Follow the steps below to understand the project's architecture and methodology.

## Part 1: Data Collection Pipeline

The first step is to gather data from a variety of sources. Each source has its own dedicated script in the `src/` or `collection/` directories.

### 1.1 Reddit
- **Purpose:** Collects posts from specified cryptocurrency-related subreddits.
- **Script:** [src/reddit_scraper.py](../src/reddit_scraper.py)

### 1.2 Twitter
- **Purpose:** Scrapes tweets from influential crypto accounts. This is a complex task and the script is more of a proof-of-concept.
- **Script:** [src/twitter_scraper.py](../src/twitter_scraper.py)

### 1.3 News & RSS Feeds
- **Purpose:** Gathers articles from a large list of crypto news websites via their RSS feeds.
- **Script:** [collection/massive_rss_campaign.py](../collection/massive_rss_campaign.py)

### 1.4 Price Data
- **Purpose:** Fetches historical price data for Ethereum (ETH) from Yahoo Finance.
- **Script:** [src/price_collector.py](../src/price_collector.py)
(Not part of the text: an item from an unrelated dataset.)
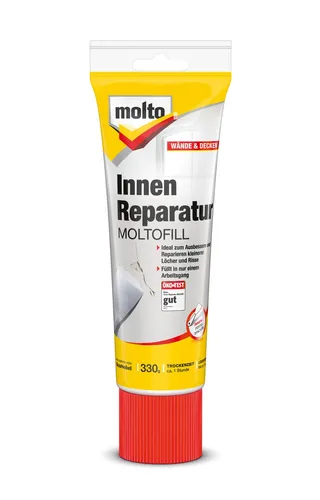 Molto Spachtelmasse, innen Reparaturspachtel 330 g weiß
## Part 2: Feature Engineering & Dataset Creation

Once the raw data is collected, it is processed to create features for our models.

### 2.1 Sentiment Scoring
- **Purpose:** Analyzes the text from posts and articles to generate sentiment scores and other custom metrics.
- **Script:** [src/score_metrics.py](../src/score_metrics.py)

### 2.2 ML Dataset Creation
- **Purpose:** Combines the scored data with price data, aggregates it by day, and creates the final dataset for training.
- **Script:** [src/simplified_ml_dataset.py](../src/simplified_ml_dataset.py)
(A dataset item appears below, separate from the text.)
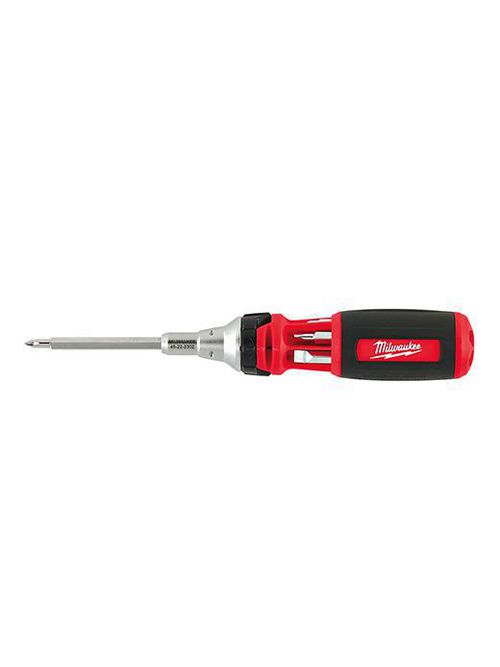 Product image for Milwaukee 48-22-2302 10-in-1 Square Drive Ratcheting Multi Bit Driver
## Part 3: Model Training and Evaluation

With the final dataset, we train and evaluate our models.

### 3.1 Model Training
- **Purpose:** Contains the code for training the simple (Logistic Regression) and complex (LightGBM) models.
- **Simple Model Script:** [src/simple_model_trainer.py](../src/simple_model_trainer.py)
- **Complex Model Script:** [src/ml_model_trainer.py](../src/ml_model_trainer.py)
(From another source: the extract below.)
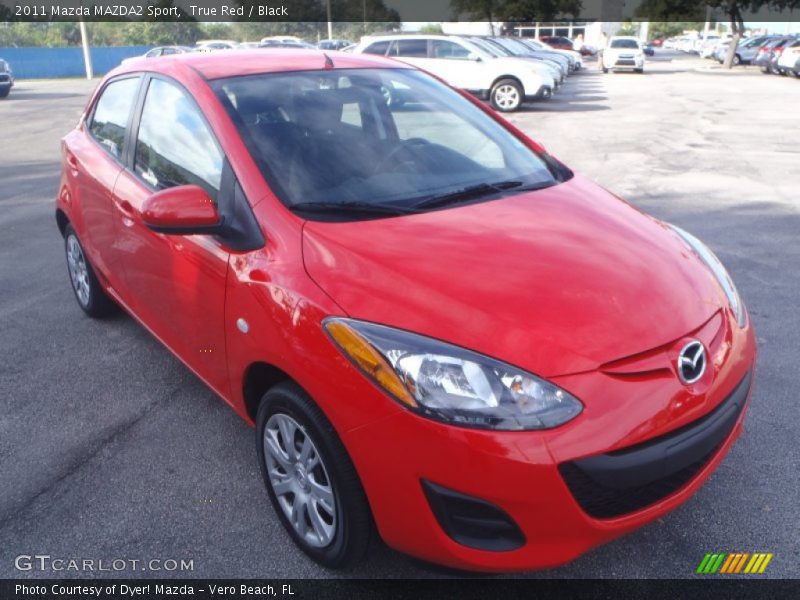True Red / Black 2011 Mazda MAZDA2 Sport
### 3.2 Model Comparison and Plotting
- **Purpose:** Compares the performance of the different models and generates plots for analysis.
- **Comparison Script:** [src/model_comparison.py](../src/model_comparison.py)
- **Plotting Script:** [src/generate_plots.py](../src/generate_plots.py)

## Conclusion

This notebook provides a clear roadmap to the CryptoPulse project. By following the links, you can explore the full source code for each part of the pipeline and understand how they fit together to support the project's final analysis and conclusions.